Bürgermeister Franz Schnitzenbaumer betonte in seiner Begrüßung, wie wichtig Kultur in unserer Zeit sei. Im Gespräch mit den Kulturschaffenden zu ihren Werken gewinne man tiefe Einsichten und könne sein Blickfeld erweitern.

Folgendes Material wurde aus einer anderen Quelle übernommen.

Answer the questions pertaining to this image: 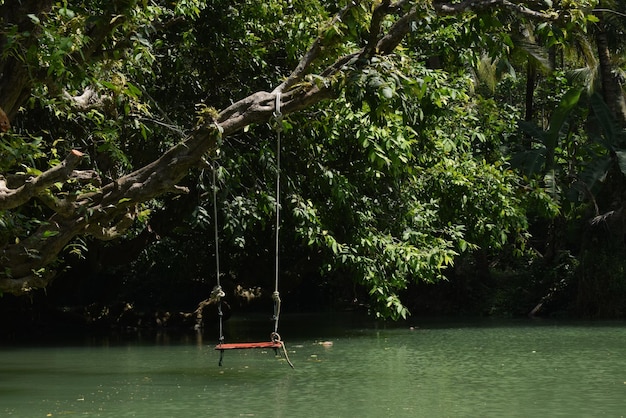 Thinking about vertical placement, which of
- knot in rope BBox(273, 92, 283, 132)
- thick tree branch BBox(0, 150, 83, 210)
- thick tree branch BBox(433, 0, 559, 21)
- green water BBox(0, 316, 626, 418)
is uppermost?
thick tree branch BBox(433, 0, 559, 21)

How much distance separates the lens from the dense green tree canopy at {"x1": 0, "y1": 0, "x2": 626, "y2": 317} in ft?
30.9

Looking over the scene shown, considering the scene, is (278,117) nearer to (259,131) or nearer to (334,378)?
(334,378)

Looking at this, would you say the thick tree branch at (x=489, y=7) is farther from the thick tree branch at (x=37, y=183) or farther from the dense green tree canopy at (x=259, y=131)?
the thick tree branch at (x=37, y=183)

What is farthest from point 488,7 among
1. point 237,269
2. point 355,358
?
point 237,269

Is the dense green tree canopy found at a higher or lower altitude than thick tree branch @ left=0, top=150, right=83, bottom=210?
higher

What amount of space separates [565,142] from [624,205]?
2.07 meters

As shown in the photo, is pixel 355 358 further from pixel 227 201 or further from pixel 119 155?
pixel 119 155

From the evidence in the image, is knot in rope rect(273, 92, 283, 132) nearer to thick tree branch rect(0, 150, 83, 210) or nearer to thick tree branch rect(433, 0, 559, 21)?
thick tree branch rect(433, 0, 559, 21)

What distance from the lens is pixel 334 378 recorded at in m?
11.8

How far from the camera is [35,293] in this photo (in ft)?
74.3

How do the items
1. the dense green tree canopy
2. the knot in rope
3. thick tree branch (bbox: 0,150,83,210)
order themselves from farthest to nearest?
the knot in rope, the dense green tree canopy, thick tree branch (bbox: 0,150,83,210)

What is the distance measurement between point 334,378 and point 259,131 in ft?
20.4

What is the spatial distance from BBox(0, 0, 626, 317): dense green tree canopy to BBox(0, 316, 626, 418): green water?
127cm

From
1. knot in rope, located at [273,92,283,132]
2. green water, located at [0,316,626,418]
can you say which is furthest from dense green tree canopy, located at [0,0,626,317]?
green water, located at [0,316,626,418] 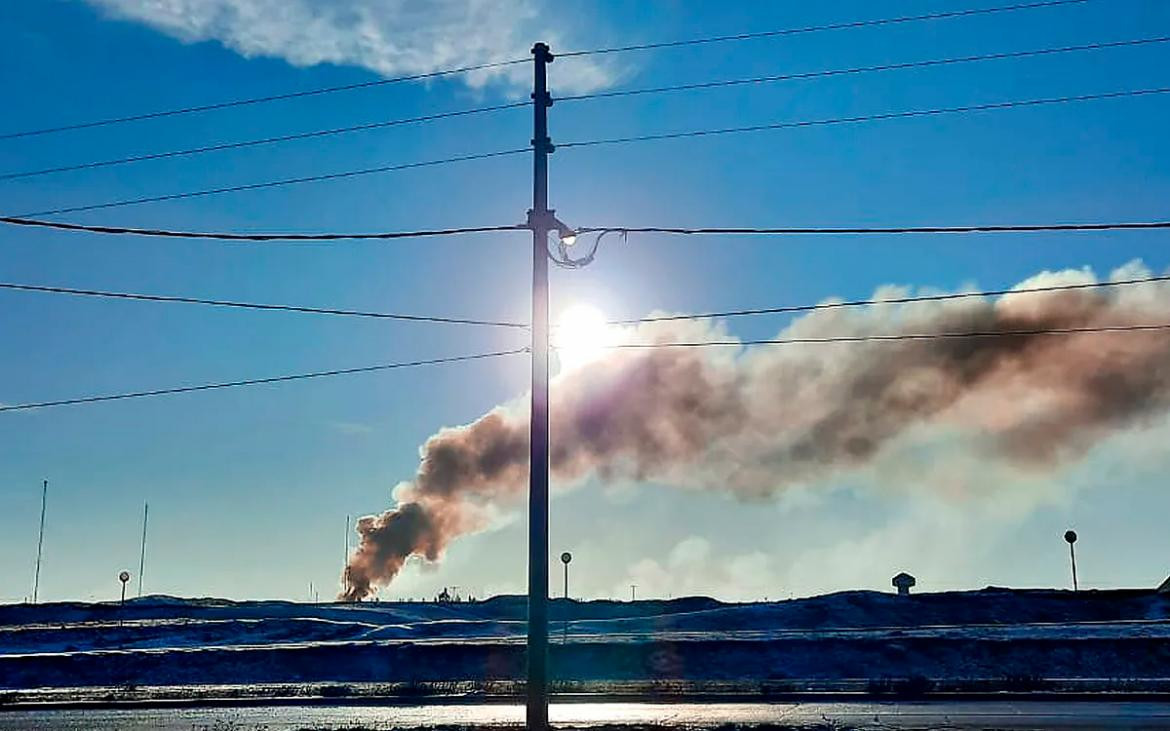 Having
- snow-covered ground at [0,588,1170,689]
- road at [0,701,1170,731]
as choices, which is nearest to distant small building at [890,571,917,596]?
snow-covered ground at [0,588,1170,689]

Moderatorin Monika Ziegler ging zunächst auf den Titel der gemeinsamen Ausstellung „Schein und Sein“ der beiden Künstler ein und fragte Hans-Günther Kaufmann: „Du hast in deiner Jugend in der Scheinwelt mit schönen Frauen, Filmstars wie Tony Curtis, Pierre Brice und natürlich Schwester Christine verbracht, wie hier anhand der Fotos zu sehen ist. Das hast du doch auch genossen?“

Glamour & Licht
Tony Curtis. Repro: Petra Kurbjuhn

Natürlich habe er das genossen, wer würde es nicht schön finden, mit 21 Jahren den ersten Jaguar zu fahren, lächelte der renommierte Fotograf. Dieses Leben „mit Traumfrauen auf Trauminseln Träume zu fotografieren“, etwa Bademoden in der Karibik, das sei für ihn jahrelang seine Welt gewesen. Bis ein Bruch kam.

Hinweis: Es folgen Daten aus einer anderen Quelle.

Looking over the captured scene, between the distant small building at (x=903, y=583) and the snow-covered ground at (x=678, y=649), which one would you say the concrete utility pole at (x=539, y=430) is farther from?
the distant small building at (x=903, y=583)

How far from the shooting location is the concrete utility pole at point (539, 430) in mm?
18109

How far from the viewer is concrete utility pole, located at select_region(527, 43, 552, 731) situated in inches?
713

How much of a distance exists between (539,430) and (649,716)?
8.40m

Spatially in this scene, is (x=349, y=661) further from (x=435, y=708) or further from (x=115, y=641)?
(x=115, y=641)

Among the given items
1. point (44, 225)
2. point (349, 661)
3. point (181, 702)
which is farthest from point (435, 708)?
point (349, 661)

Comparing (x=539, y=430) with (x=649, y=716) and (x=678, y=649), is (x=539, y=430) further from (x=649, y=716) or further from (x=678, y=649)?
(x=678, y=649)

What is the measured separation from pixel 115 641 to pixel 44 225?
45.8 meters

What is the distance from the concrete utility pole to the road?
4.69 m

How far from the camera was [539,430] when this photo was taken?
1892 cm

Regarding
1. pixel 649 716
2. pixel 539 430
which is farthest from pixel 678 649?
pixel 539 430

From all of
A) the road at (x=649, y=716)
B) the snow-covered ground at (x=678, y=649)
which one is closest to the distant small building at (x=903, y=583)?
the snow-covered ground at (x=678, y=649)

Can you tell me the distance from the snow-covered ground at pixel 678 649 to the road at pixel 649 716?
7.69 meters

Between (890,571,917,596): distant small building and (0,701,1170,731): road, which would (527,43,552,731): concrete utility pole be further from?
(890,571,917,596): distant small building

Wie lange will ich das hier noch machen, hatte er sich eines Tages gefragt. Mittlerweile sei er verheiratet gewesen, hatte einen Sohn, die Familie zog nach Miesbach und er fotografierte bayerisches Brauchtum, Beispiele sind in der Ausstellung zu sehen. Für einen Bildband mit dem Titel „Sonntag in Bayern“ habe er bei Abt Odilo Lechner wegen begleitender Texte angefragt, aber mit der Antwort, Gott sei nicht nur sonntags unterwegs, eine Abfuhr erhalten. Er möge mit tiefergehenden Dingen wiederkommen. Daraus habe sich dann später die intensive Zusammenarbeit mit etwa 100 gemeinsamen Büchern entwickelt.

Glamour & Licht
Hans-Günther Kaufmann (r.) mit Andreas Kuhnlein und Monika Ziegler. Foto: Judith Weber

„Dein Leben war ganz anders“, wandte sich die Moderatorin an Andreas Kuhnlein. Landwirtschaft, Schreinerlehre, Bundesgrenzschutz, aus der heilen Welt von Unterwössen in die Welt von Gewalt. Der Bildhauer habe aber eine Scheinwelt anderer Art, die verlogene und vertuschte Welt von Kindesmissbrauch durch einen Pfarrer erlebt und dafür gekämpft, dass sie ans Licht kommt.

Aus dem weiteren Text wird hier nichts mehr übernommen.